Dell’s G5 series of gaming laptops have been through many iterations, and we’re not entirely convinced by this one. On paper, it slots nicely into the market as a reasonably priced entry, providing decent all-round 1080p gaming performance with a broad selection of models with specs and prices to fit every gamer’s needs. Our review model is a middle-of-the-road version - no performance to emulate that of the best gaming PC here!

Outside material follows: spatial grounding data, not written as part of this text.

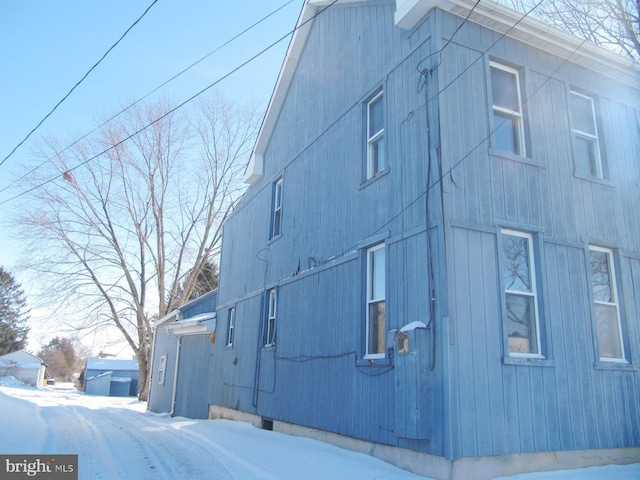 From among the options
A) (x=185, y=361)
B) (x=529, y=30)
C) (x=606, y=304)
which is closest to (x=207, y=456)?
(x=606, y=304)

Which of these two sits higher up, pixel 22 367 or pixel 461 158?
pixel 461 158

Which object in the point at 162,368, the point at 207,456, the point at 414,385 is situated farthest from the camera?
the point at 162,368

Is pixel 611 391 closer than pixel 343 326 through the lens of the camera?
Yes

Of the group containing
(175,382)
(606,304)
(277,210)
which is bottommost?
(175,382)

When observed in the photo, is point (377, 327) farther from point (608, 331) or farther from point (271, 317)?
point (271, 317)

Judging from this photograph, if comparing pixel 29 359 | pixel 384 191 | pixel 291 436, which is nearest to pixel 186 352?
pixel 291 436

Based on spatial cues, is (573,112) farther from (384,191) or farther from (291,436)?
(291,436)

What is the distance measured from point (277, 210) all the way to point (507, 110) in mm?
6693

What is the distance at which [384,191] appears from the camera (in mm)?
7969

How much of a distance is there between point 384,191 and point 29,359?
6333 cm

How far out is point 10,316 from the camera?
200 ft

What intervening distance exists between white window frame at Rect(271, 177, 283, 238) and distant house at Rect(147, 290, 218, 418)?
17.0 ft

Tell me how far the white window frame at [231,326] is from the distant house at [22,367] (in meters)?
43.9

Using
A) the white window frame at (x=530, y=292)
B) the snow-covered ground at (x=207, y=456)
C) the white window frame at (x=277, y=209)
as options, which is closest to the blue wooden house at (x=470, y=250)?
the white window frame at (x=530, y=292) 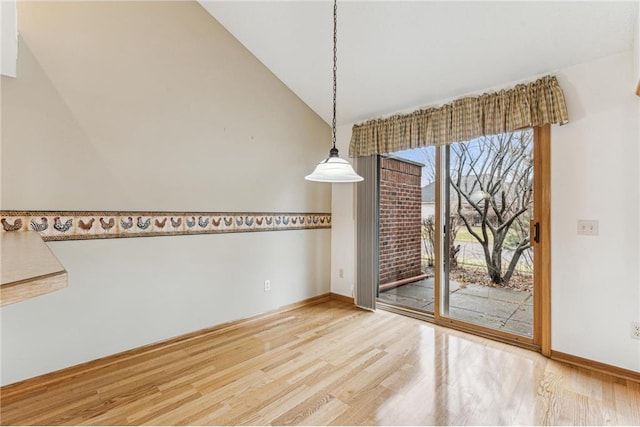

In practice, this new G5 doesn’t quite measure up, largely due to physical design issues. These complaints likely won’t be deal-breakers for everyone, however; some potential buyers might love features that this reviewer despised. Read on to find out if the G5 5500 is the best gaming laptop for you or one that’s safe to skip.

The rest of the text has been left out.